The drawback is geopolitical adversaries would see such a customary usage of the second legal obligation as a means of using Article IX’s legal right to consult as a tool to go on fishing expeditions to gather intelligence on national security activities unrelated to space remediation activities. However, if the customary usage of Article IX’s second legal obligation is tailored narrowly enough, the United States could easily dismiss such requests as outside the scope of the activities that are customary to Article IX. Eventually, COPUOS would (or at least it should) become wise to what constitutes a legitimate Article IX request for proposed space remediation activities and what is a disguised fishing expedition and disallow the latter accordingly.
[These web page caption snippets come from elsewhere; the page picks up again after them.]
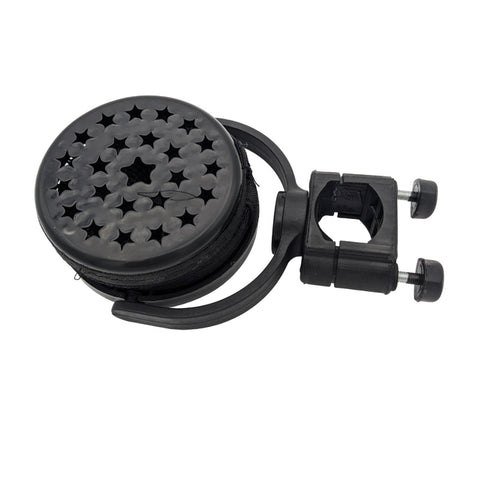 A circular black device with a star-patterned surface rolls up while being held by a mounting clip suggesting use for organizing or securing cables in a workspace or similar environment.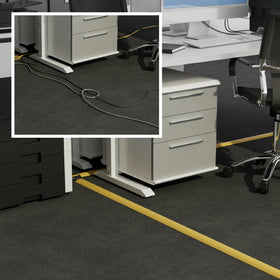 D-Line ribbed-base floor cord cover keeps cables secure and minimizes movement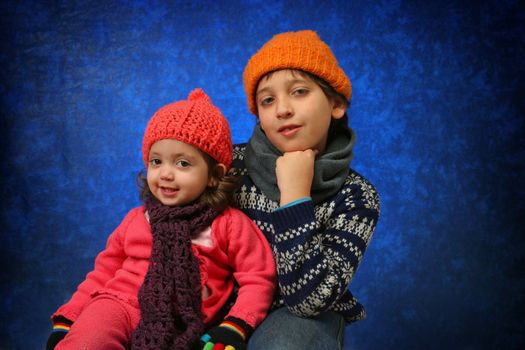Brother and sister having fun with the snow in winter outfit. Look at my gallery for more winter images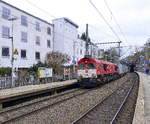 Die Class 66 DE6312  Alix  von Crossrail  kommt aus Richtung Köln,Aachen-Hbf und fährt durch Aachen-Schanz mit einem Containerzug  aus  Köln-Eifeltor(D) nach Genk-Haven(B) und
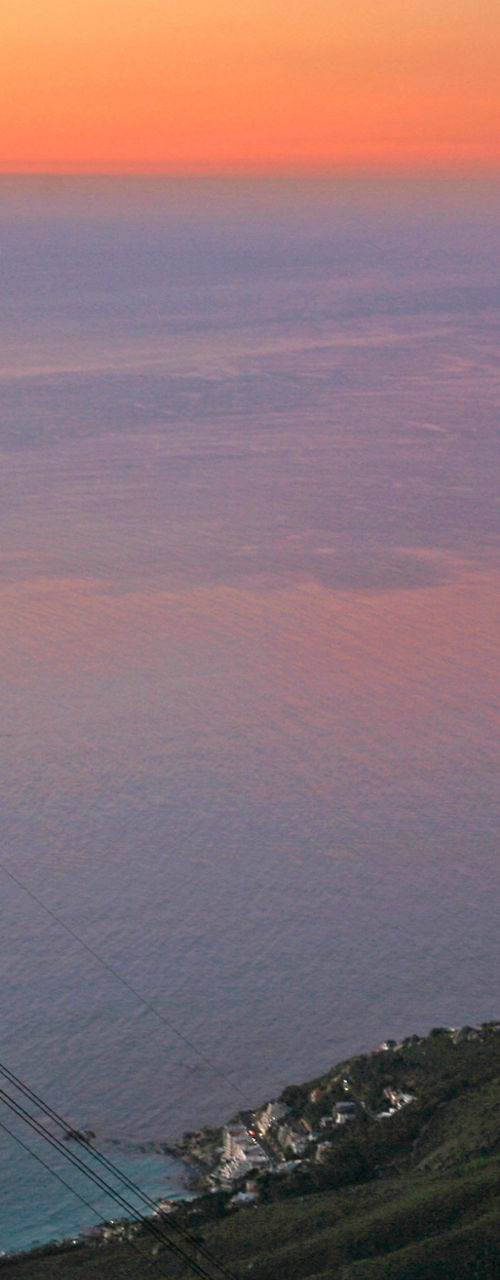 Cable car at sunset over mountain landscape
The crux of this approach is legitimate space debris remediation activities can form the basis of a positive application of when the legal duty to consult is triggered while maintaining the customary umbrella enjoyed by national security activities. Moreover, the accompanying right of consultation will have a foothold to create its own customary usage and give Article IX further legitimacy. That being said, creating and legitimizing a narrowly-tailored customary usage for space debris remediation will not be easy, and it surely will be challenged by other geopolitical players. However, the resultant transparency of space debris mitigation activities will diminish the political impediment of space debris mitigation; strengthen the core of Article IX and weaken the perceived necessity for formal codes of conduct or other disguised and blatant arms control measures. What is more, such a customary usage will provide a political foundation for addressing the remediation of space debris, and start in earnest the path towards cleaning up critical space debris threats.